July 11, 2012- GoTopless strongly denounces the arrest of Holly Van Voast, who was handcuffed and taken to a mental hospital on Sunday just for standing topless outside a Hooters restaurant in New York City. When the arrest occurred, Van Voast was simply standing outside a Midtown Hooters location with friends, preparing to honor the 20th anniversary of the day New York became a legally topless state: July 7, 1992. (please see our news sections for more details on this historical date)

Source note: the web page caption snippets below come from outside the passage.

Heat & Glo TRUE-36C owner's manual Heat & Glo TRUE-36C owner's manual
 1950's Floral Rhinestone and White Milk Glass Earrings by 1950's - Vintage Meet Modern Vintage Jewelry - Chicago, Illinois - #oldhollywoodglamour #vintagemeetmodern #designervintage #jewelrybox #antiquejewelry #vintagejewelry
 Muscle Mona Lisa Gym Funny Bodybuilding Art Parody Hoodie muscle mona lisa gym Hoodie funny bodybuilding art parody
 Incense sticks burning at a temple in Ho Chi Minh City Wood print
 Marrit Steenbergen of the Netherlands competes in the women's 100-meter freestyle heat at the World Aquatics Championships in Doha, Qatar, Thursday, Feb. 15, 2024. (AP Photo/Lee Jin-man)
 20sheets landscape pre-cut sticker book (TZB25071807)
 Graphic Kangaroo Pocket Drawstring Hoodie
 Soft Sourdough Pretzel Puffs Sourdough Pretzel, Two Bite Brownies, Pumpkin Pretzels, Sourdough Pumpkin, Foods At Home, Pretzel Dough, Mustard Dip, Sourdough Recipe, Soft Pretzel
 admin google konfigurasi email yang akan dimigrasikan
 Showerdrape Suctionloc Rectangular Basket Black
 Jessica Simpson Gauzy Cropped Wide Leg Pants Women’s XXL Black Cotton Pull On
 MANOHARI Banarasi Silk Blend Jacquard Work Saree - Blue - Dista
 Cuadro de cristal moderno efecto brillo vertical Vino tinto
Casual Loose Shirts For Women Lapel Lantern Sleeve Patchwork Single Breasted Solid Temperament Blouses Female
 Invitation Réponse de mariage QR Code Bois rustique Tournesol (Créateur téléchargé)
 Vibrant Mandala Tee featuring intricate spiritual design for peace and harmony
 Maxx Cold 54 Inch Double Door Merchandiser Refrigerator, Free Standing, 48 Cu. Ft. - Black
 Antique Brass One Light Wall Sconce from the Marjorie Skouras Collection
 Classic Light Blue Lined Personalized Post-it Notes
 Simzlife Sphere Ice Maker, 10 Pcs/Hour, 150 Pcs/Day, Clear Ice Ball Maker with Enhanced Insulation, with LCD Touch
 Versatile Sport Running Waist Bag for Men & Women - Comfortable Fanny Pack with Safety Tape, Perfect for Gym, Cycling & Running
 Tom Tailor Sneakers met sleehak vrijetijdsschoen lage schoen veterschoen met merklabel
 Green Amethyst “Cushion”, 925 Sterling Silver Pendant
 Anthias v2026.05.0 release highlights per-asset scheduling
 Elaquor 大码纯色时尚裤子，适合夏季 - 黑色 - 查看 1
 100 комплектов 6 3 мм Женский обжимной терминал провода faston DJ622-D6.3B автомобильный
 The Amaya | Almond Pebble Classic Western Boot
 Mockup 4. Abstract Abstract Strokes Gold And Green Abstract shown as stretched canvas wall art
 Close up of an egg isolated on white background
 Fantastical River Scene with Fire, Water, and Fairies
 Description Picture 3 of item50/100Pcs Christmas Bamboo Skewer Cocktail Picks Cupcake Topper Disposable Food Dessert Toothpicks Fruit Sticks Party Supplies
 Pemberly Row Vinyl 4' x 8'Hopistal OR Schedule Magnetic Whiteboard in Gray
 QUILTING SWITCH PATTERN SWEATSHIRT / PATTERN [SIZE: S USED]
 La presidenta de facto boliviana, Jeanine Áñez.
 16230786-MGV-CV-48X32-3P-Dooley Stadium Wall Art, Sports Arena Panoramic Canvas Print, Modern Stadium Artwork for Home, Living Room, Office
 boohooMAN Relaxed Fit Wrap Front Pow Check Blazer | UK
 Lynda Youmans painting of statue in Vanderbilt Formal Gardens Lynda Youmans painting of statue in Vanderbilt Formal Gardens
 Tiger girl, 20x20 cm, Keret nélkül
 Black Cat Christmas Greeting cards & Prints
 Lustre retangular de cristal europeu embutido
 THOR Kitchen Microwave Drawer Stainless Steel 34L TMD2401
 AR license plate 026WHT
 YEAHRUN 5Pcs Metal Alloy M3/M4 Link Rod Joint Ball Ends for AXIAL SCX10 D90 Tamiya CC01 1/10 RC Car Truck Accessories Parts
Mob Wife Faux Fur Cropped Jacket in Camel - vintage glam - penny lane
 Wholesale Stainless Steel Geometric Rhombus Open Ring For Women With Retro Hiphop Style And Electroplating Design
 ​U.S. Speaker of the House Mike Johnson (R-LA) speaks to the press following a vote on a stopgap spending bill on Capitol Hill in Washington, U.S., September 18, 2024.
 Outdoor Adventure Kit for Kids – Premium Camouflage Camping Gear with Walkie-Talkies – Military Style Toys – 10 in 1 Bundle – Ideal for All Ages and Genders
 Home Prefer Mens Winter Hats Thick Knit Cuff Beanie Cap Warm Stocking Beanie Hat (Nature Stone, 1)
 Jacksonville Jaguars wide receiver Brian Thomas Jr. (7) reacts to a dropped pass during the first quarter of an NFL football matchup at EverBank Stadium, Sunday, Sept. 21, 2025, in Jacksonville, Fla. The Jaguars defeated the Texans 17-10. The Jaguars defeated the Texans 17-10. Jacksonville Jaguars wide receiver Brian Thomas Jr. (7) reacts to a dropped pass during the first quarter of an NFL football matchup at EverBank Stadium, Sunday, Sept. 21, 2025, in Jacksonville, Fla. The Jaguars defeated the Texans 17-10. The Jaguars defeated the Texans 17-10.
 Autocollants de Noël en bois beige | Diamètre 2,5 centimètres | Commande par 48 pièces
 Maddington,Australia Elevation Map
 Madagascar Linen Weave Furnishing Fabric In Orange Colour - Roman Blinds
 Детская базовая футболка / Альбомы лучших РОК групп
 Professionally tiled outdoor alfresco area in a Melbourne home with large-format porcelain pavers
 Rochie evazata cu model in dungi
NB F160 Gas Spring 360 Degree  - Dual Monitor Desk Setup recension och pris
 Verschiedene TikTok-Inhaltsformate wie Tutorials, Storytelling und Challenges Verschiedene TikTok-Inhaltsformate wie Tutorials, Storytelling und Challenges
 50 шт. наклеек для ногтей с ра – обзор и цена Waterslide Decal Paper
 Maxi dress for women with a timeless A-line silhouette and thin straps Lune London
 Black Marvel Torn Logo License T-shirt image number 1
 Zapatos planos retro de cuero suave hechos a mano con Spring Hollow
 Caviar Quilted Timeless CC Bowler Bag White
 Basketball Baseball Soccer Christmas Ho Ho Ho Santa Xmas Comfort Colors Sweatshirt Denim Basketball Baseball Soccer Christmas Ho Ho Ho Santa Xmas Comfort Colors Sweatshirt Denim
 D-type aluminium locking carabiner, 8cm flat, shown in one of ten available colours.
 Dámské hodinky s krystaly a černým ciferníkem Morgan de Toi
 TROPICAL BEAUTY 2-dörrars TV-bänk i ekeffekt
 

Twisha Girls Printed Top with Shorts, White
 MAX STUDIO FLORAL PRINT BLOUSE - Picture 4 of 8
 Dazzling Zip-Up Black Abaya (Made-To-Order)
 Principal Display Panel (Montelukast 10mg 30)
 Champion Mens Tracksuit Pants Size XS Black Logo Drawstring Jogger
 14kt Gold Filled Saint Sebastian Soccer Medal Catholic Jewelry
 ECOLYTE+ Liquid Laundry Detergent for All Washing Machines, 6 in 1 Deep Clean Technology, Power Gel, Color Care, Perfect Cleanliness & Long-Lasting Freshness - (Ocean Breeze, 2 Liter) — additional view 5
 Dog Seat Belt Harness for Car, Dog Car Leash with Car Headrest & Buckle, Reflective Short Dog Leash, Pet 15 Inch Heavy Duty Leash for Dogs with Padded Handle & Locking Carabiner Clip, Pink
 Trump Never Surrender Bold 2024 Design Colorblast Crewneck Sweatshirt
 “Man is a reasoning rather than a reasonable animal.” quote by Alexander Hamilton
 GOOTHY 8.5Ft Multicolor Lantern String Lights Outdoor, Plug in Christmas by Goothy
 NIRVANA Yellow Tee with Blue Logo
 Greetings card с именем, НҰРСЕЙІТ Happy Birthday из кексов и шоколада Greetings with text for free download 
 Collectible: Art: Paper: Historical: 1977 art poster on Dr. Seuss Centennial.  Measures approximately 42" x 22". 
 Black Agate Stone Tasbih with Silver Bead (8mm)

Ms. Van Voast was within her legal rights to go topless there, but the police treated her like a deranged, violent person. It’s outrageous!
After the arrest, to add to her humiliation, she was forced to wait several hours in a hospital for a psychiatric evaluation. This incident was an act of pure insanity on the part of the NYPD and of a deranged society in general.
Are men taken to mental hospitals and made to undergo psychiatric evaluations for taking off their shirts? This is an extreme case of a women’s rights violation; it constitutes blatant discrimination against women, and it’s also a human rights violation that can’t be tolerated in a democracy that prides itself for policing the world over human rights issues. The NYPD must be prosecuted immediately!

This latest topless-related arrest is especially noteworthy because of another New York City court case in 2007, concerning a public topless charge. Phoenix Feeley and her attorney, Jeff Rothman, successfully sued New York City for wrongful arrest, forcing the city to pay $29,000 in damages.GoTopless is urging Van Voast to do the same thing!

By taking this to court and winning, she will show that violations of women’s topless rights will not be tolerated and those who commit them will be found liable.
In fact, we’re advising women who plan on going topless in New York to carry a GoTopless flyer listing the legal developments that confirm their right to do so. The flyer will quote the 1992 appeals court case making it legal for women to go topless in New York and also include a summary of Phoenix Feeley’s 2007 case, which inspired spiritual leader and human rights activist Rael (rael.org) to launch the GoTopless organization that same year. (please email us and we will send you a copy.)
A glance at the amount of damages paid by New York City for Feeley’s wrongful arrest will make police officers think twice about violating a woman’s rights if a woman decides to shed her top. New York law is already on her side.

GoTopless is also inviting everyone, women and men alike, to participate in the next annual GoTopless Day on Aug. 26, in honor of Women’s Equality Day.
Going topless is our Constitutional right based on gender equality under federal law. As Rael has said, either both men and women should be able to go topless in public without interference or else no one at all should be allowed to bare a chest in public. The laws need to treat both genders equally, as the Constitution guarantees!

We hope a huge number of women in New York City, where going topless is already legal, will have the courage to exercise their topless rights. The power of numbers will help prevent more of these wrongful, highly discriminatory arrests and psychiatric evaluations.

The act of freeing one’s breasts means more than freeing one’s mind from cultural and religious taboos. It means freeing an entire society that has imposed silent, unfair codes on women. Many women have come to believe that such discrimination is normal. It’s not.

It’s really time to stop the insanity, and the insanity doesn’t lie in a woman’s decision to go topless on a hot summer day. It lies in allowing only men to go bare-chested when everyone suffers equally from the heat!